Dividido entre satisfazer demandas de outros países e manter apoio popular, Assad perde força política

Jogo duplo expõe fraqueza do governo sírio

MICHAEL SLACKMAN
DO "THE NEW YORK TIMES", EM DAMASCO

As autoridades sírias vêm afirmando há anos que fecharam todas as representações das facções palestinas que operam na capital da Síria, como exigem os EUA e os países europeus. Elas dizem que todos os grupos deixaram o país: Hamas, Jihad Islâmico, Frente Popular para a Libertação da Palestina e outros. Mas, em outubro, o presidente Bashar al Assad promoveu uma reunião com os líderes de todas as facções para pedir unidade entre os palestinos -e, segundo participantes do encontro, prometer a remoção de parte das restrições ao trabalho político feito desde Damasco.
"Seria ilógico convocar uma reunião pública e depois dizer que nossas representações estão fechadas", disse Abu Ahmed Fouad no escritório da Frente Popular, no centro de Damasco.
Há décadas os líderes sírios vêm jogando uma espécie de jogo duplo, assegurando ao mundo que os escritórios de representação palestina estavam fechados e, ao mesmo tempo, autorizando as organizações a montar suas representações em "apartamentos".
A estratégia funcionou bem para o pai de Bashar e seu antecessor, Hafez el Assad, que freqüentemente conduzia suas batalhas por procuração, ao mesmo tempo em que tentava utilizar a influência da Síria sobre os grupos palestinos como trunfo de barganha para promover sua agenda.
Mas essa mesma estratégia agora expõe publicamente um pouco da fraqueza e da indecisão do governo. Diante da investigação da ONU sobre o assassinato do premiê libanês Rafik Hariri (1992-98 e 2000-04) -uma crise que ameaça solapar o círculo governante sírio- a liderança síria voltou a agir como de costume, recorrendo a um discurso ao estilo da Guerra Fria e confiando quase exclusivamente num apelo ao conceito do nacionalismo árabe para obter apoio regional.

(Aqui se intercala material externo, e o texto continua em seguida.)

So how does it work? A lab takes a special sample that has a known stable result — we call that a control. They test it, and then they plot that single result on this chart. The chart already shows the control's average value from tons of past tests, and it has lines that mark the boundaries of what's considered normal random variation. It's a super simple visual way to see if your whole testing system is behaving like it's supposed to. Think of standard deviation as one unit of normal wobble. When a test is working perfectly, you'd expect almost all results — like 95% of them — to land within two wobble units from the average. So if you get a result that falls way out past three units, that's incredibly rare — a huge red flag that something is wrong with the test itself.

A crise mostra que os esforços de Assad para introduzir tecnocratas jovens e progressistas no governo fracassaram e que a Síria se encontra isolada. E, o que talvez seja visto por muitos sírios mais jovens e adeptos de reformas como ainda mais perturbador, ela deixou claro até que ponto a liderança síria é capaz de ignorar o que acontece à sua volta.
Por exemplo, depois que o Conselho de Segurança da ONU exigiu que a Síria coopere com a investigação em torno de Hariri, muitas pessoas na Síria disseram ter ficado chocadas ao ouvir da boca do chanceler Farouk al Sharaa que declarar que as forças sírias sabiam do assassinato de antemão seria como afirmar que os EUA soubessem sobre o 11 de Setembro de antemão.

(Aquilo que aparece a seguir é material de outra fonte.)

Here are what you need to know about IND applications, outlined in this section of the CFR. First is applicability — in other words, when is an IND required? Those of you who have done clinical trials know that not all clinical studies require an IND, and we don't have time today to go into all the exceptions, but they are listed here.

Os sírios, em sua grande maioria, parecem estar convencidos de que a investigação está sendo utilizada pelo Ocidente para obrigar o governo Assad a dobrar-se a suas vontades. Mas essa idéia não se traduz em apoio ao governo ou à maneira como ele vem reagindo à investigação. O pior, segundo pessoas na Síria, é que a crise começou a mudar a percepção que a população tem de seus líderes, abalando sua confiança na capacidade da liderança não apenas de revidar aos ataques mas até mesmo de sobreviver.
"O regime se encontra ferido em seu escalão mais alto, menor e mais fechado", disse um analista político sírio que há anos coopera com o poder sírio, mas que pediu anonimato por temer revides.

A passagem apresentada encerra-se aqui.